### YOUR INSTRUCTIONS
Copy the entries exactly. Leave nothing out and add nothing.

*** DATA RECORDS Section Begins ***

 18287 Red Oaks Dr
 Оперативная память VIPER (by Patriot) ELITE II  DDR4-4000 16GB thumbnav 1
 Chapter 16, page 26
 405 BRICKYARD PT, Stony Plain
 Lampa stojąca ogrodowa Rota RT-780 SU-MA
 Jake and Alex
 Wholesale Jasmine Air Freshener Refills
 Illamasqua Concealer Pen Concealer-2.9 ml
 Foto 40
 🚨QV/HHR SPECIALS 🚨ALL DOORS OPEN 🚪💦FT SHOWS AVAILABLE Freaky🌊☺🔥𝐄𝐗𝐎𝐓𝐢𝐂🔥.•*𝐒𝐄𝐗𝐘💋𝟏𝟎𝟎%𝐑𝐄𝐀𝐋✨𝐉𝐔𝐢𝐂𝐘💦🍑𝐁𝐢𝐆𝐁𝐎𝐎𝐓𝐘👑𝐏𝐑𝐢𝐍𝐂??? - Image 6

*** DATA RECORDS Section Ends ***

### EXPECTED ANSWER
 18287 Red Oaks Dr
 Оперативная память VIPER (by Patriot) ELITE II  DDR4-4000 16GB thumbnav 1
 Chapter 16, page 26
 405 BRICKYARD PT, Stony Plain
 Lampa stojąca ogrodowa Rota RT-780 SU-MA
 Jake and Alex
 Wholesale Jasmine Air Freshener Refills
 Illamasqua Concealer Pen Concealer-2.9 ml
 Foto 40
 🚨QV/HHR SPECIALS 🚨ALL DOORS OPEN 🚪💦FT SHOWS AVAILABLE Freaky🌊☺🔥𝐄𝐗𝐎𝐓𝐢𝐂🔥.•*𝐒𝐄𝐗𝐘💋𝟏𝟎𝟎%𝐑𝐄𝐀𝐋✨𝐉𝐔𝐢𝐂𝐘💦🍑𝐁𝐢𝐆𝐁𝐎𝐎𝐓𝐘👑𝐏𝐑𝐢𝐍𝐂??? - Image 6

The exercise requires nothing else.